Isa Litzu compuso un gesto de derrota.
—Ustedes ganan. Va en contra de mi opinión, de nuestras tradiciones y del sentido común, pero aceptamos. Todo sea por cambiar de aires unas semanas, hasta que esto se apacigüe. Bueno, tener soldados republicanos a bordo hará que los imperiales se traguen lo de que somos sus empleados. Y qué demonios —concluyó, dándole una palmada en el hombro a Nadira—, entre todos les zurramos la badana a esos mamarrachos. Que nos quiten lo bailado.
Soldados y marineros sonrieron, cómplices. Azami miró al cielo.
—País de locos. En menuda aventura me acabo de meter, sin comerlo ni beberlo. Usted y sus disparatadas teorías, doctor; perseverante como un jaquetón al acecho.
—Deduzco que piensa venir con nosotros, capitán —señaló Valera.
—La insensatez es contagiosa. Tendré que perderme los entrenamientos de la milicia local, qué le vamos a hacer.
—Gran disgusto, sí —murmuró Nadira.
—En fin —prosiguió Azami—, mañana estudiaremos los preparativos del viaje. Pásense por el barrio republicano, capitana, para que el contrato resulte de lo más formal. Mientras, sugiero que los protagonistas del incidente, dentro de lo posible, no asomen mucho las narices por ahí, para no fastidiarla a última hora. Lo consideraremos una suerte de arresto, sargento.
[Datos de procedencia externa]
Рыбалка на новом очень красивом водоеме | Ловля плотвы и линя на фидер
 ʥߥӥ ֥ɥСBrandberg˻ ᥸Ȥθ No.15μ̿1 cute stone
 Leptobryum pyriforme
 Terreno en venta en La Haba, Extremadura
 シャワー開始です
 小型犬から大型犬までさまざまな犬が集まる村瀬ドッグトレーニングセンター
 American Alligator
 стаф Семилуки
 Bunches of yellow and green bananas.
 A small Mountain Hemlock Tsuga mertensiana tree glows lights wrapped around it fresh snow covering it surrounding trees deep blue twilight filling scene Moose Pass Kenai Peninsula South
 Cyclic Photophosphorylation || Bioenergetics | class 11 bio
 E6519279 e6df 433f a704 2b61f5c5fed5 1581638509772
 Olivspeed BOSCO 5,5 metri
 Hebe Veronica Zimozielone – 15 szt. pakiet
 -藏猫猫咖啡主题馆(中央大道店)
—A sus órdenes, mi capitán.
—Me parece razonable —concluyó Litzu—. Hasta mañana, pues. ¡Vamos, marineros, moved el culo! —gritó a los suyos—. Por nuestra mala fortuna, nos aguarda uno de los viajes más aburridos e improductivos de nuestra vida, cortesía del doctor Valera. Por cierto, ¿qué es lo que vamos a buscar?
—A los antiguos dioses —respondió el científico.
—Y yo con estos pelos —suspiró—. Nos vemos en su barrio a primera hora, pues. Ojalá que el papeleo no lleve mucho tiempo, y en uno o dos días podamos zarpar.
La conversación terminó, y todos abandonaron el campo de batalla devastado en que se había convertido El Ganso Alegre. A su propietario le quedaba la penosa tarea de reparar los destrozos y redactar un listado de éstos. Desde luego, pasaría la factura a los republicanos. Al menos, solían pagar. Ni loco se le ocurriría reclamar al Imperio; deseaba llegar a viejo.